A graph is worth a thousand words
Investors may stay on the sidelines of the core and metro markets until the competitive clutter starts to clear.
BY KEVIN SLOCUM
As spring moved into summer, the question remained, when would we hit bottom in the telecommunications equipment sector? Many, including us, have succumbed to false hopes at various steps along the way. Stocks slid ahead of the decline and everyone knows they will rise ahead of the turn. SoundView has pointed to some of the prerequisites of a turn, and some of those have fallen into place. At the same time, share prices hit record low valuations in June amid continued tough industry news. That led us to take another look at the worst market during this slide: the United States.
The Figure is our attempt to tally as much of equipment spending as we could find in financial documents from global suppliers such as Lucent Technologies, Alcatel, and Fujitsu. We then compared the results against the U.S. capital-expenditure figures tallied for the same period. Our wireline data captured $40.3 billion in equipment spending in 2000 and $24.1 billion for 2001 in contrast to capital expenditures by the wireline carriers of $65.6 billion and $57.9 billion, respectively.
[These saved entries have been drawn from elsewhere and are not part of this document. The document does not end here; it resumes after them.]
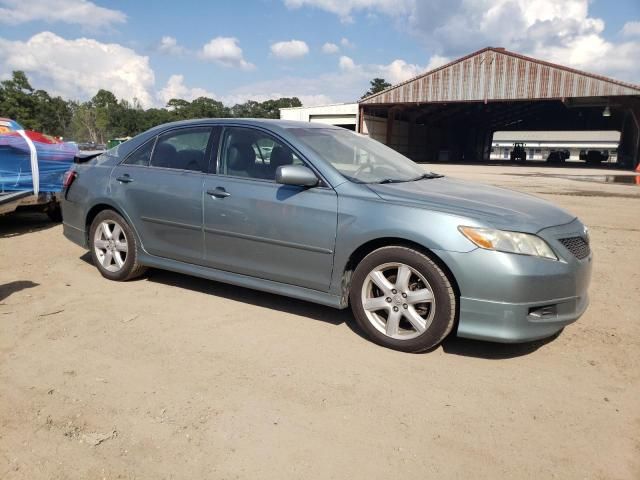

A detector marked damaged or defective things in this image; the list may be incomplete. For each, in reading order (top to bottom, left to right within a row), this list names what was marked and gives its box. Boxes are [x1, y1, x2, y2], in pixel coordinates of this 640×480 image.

rusted metal roof [360, 47, 640, 105] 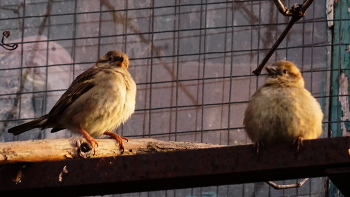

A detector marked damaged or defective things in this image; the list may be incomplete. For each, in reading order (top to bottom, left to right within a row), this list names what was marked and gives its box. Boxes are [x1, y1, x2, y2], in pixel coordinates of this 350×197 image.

rusty metal rail [0, 137, 350, 195] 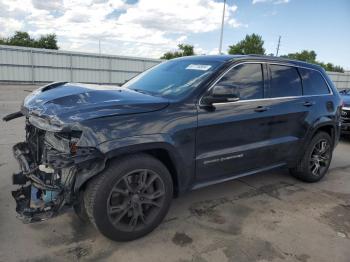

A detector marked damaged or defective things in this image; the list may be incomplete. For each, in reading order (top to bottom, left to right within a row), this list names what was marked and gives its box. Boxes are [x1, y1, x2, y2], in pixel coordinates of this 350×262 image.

crumpled hood [22, 81, 170, 127]
damaged front bumper [10, 124, 104, 222]
front end damage [10, 121, 105, 223] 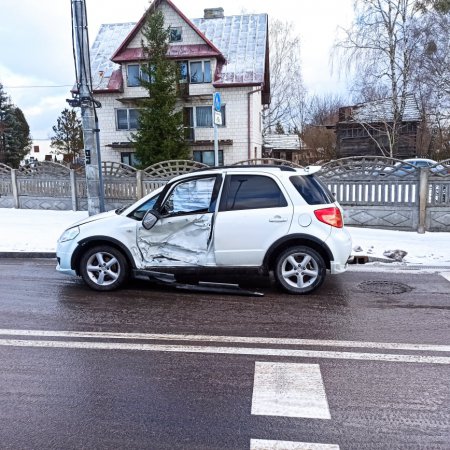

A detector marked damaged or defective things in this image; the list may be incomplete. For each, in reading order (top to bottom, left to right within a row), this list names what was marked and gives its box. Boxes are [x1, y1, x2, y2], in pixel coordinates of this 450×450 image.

broken side mirror [143, 210, 161, 230]
damaged white car [55, 165, 352, 296] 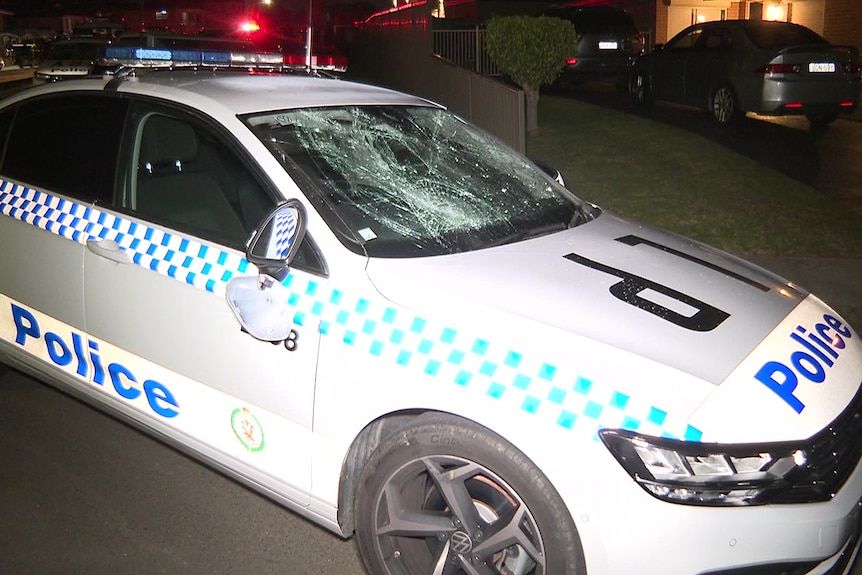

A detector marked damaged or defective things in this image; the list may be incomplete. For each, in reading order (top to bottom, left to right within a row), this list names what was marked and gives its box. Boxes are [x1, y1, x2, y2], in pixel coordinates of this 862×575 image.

shattered windshield [243, 105, 592, 256]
The remaining line on our graph is the difference between these two data sets-carrier spending we would attribute to network construction, computer equipment, software, and services.
The good news is that in the March quarter, wireline equipment sales slid at a pace that was substantially slower than other capital-spending activities on non-telecom equipment sales. The bad news is that spending nonetheless continued to slide, 21% versus 47%, for non-telecom equipment spending. We should soon have the same data for the June quarter.
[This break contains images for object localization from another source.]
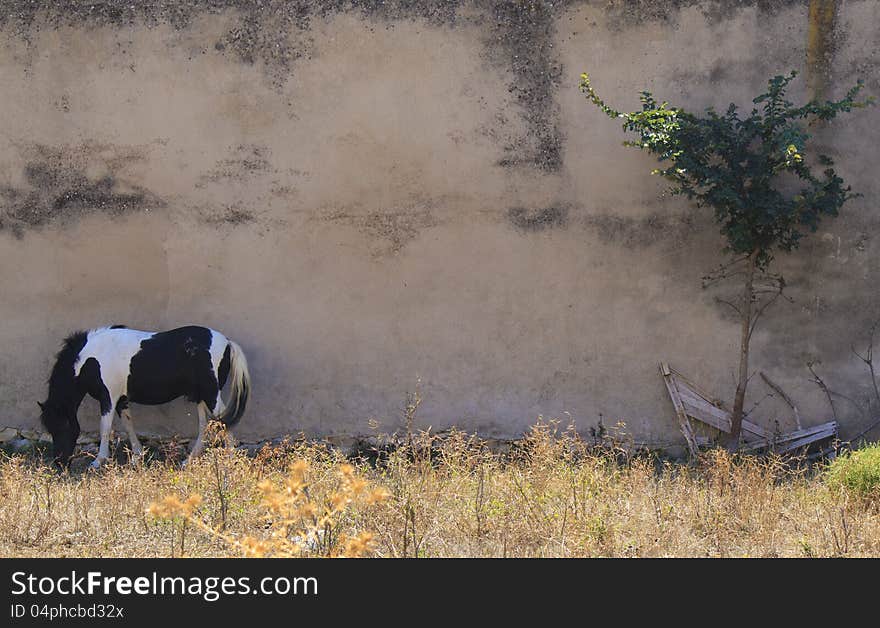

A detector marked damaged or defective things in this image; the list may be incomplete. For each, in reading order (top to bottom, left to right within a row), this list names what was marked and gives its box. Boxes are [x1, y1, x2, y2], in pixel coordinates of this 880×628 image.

broken wooden pallet [660, 364, 840, 456] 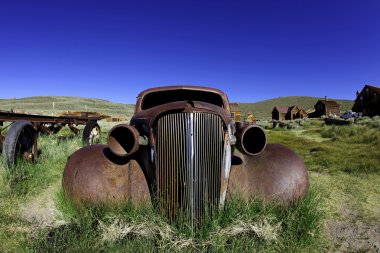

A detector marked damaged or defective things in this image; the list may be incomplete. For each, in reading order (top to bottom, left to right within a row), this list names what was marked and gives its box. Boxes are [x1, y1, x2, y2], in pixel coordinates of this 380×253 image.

corroded fender [62, 144, 151, 206]
rusty abandoned car [63, 86, 308, 227]
corroded fender [227, 143, 308, 205] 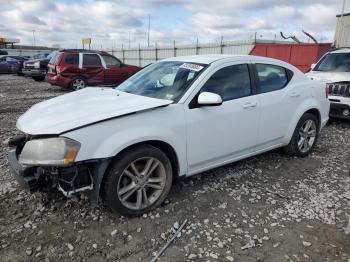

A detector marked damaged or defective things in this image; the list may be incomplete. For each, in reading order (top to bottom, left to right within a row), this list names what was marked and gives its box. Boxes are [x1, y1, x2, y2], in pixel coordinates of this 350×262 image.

exposed wheel well [304, 108, 322, 128]
damaged front bumper [7, 136, 110, 206] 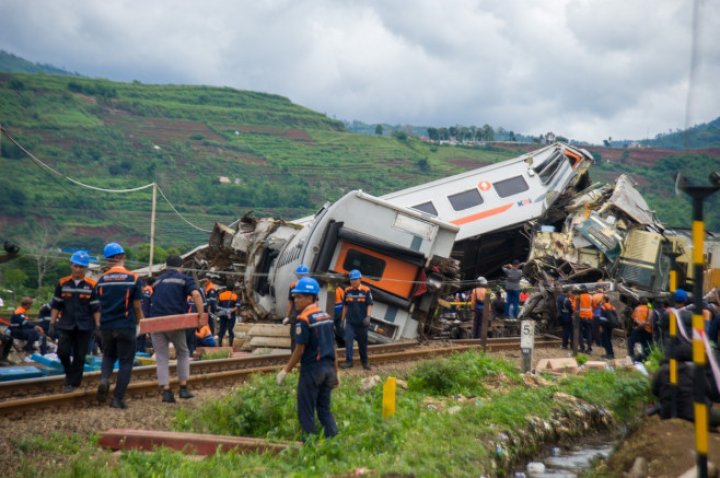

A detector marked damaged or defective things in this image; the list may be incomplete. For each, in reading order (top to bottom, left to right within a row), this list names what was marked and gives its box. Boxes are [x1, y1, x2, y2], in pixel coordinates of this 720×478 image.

damaged train window [448, 187, 480, 211]
damaged train window [496, 176, 528, 198]
damaged train window [344, 248, 388, 278]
As we entered the reporting cycle for equipment suppliers, our hope was that the slope of the decline in equipment spending would continue to moderate and that the non-telecom piece would still be sliding at a steeper pace. That would tell us carriers were having a harder time ringing equipment savings from their operations and are having to look elsewhere for savings until they see a turn in revenue.
It might also signal the bottom and a reason for stocks to start looking forward to easy revenue comparisons during the next 12 months. In the meantime, all we can do is look for cost-structure improvements to blunt losses, which is a positive. However, absent revenue growth and improved competitive conditions, we think a sustained rebound in the sector overall is unlikely.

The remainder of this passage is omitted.